Federal WMATA? Don’t hold your breath

WMATA, like every transit authority, has always been something of a multi-headed octopus with murky accountability.

I finally got a close-up look at one of the new Metro cars, the so-called 7000s. It’s a subway car. But at least it has a floor that somebody can mop. I never could understand why the founding Metro fathers thought carpet in a subway car was a good idea.

Easy-to-clean hasn’t made Metro easy-to-manage. Now the accelerated maintenance program is lousing up the eastern end of the Red Line. That part of Montgomery County is sort of the original D.C. suburbs, where legions of federal employees first relocated. Many people starting out still move there because the houses are more affordable than in tony Bethesda and Potomac.

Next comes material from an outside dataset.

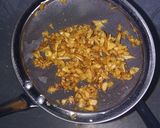 Foto langkah ke 3 dari resep Sayur Sop Sederhana dan Bakwan jagung.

Surprisingly, it took until now for somebody to call for a federal takeover of WMATA — the Washington Metropolitan Area Transit Authority. This proposal comes from very chairman of the Metro Board, Jack Evans. Talk about throwing in the towel.

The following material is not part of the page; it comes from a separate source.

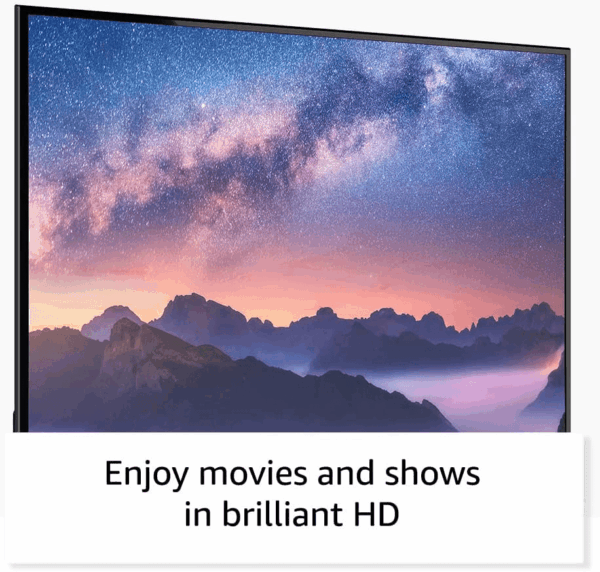 Fire TV 32" 2-Series (Newest Model), HD Smart TV with Fire TV Alexa Voice Remote, Stream Live TV without Cable - Image 5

WMATA has always been something of a multi-headed octopus, its complications coming from having to serve five counties in two states and a would-be state. Metro is smaller than many American transit authorities. It doesn’t even have responsibility for the region’s stunted commuter train systems, MARC and VRE.

But WMATA shares problems with the other regional authorities, including:

  • Authorities are not precisely state or city agencies, so they have murky lines of accountability. Every jurisdiction thinks all the others need to pay more of their fair share (fare share?). Remember the finger-pointing when a new bus station in Silver Spring nearly fell in from mushy concrete and poor design?
  • They are sprawling logistics and political operations, covering large geographic areas and multiple political jurisdictions. New York’s Metropolitan Transportation Authority, according to its website, covers 5,000 square miles, and it schmears over into Connecticut. With a population of 15 million and a budget of $15 billion, it costs New York residents $1,000 each. Just try and untangle the Chicagoland’s Metra. (Although its subways run all night, as I found out once when I ran the Chicago Marathon).
  • Fair boxes don’t cover the operating costs, much less the capital costs. Politicians are really good at short-term thinking … until tracks start literally burning up.
  • Employees are largely unionized, which can limit management flexibility and incur unsustainable actuarial costs.
  • Transit systems are the travel mode of last resort for many people. Yet because of road and parking constraints they are close to indispensable for people who can afford to drive.

Until we have universal telework and 100 percent self-driving, on-demand cars not requiring parking, transit is going to be transit. So will a federal takeover of Metro help?

Politically, I’m betting it’s a non-starter. I can see the franked newsletters: “I will not let your tax dollars pay to subsidize bureaucrats’ commutes to Washington.”

It’s constitutionally dubious, in case anyone still cares about that.

A federal takeover wouldn’t solve the basic problem — it costs a given quantity of centimes to get a body from Point A to Point B. Metro Executive Director Paul Wiedefeld is warning bus fares might go to $2. Given that the IRS reckons it costs around 50 cents for a car to go a mile, a 10-mile commute by car costs you at least $5. It probably also costs $5 to take you 10 miles on a bus that costs $600,000 to buy and $1,000 a day to operate. Where does the $3 come from?

What Evans and other supporters of this plan really want is not a federal takeover so much as a rational governance and funding structure. They are giving up on local governments and betting ultimately on Congress. That’ll come when Charlie returns from the MTA.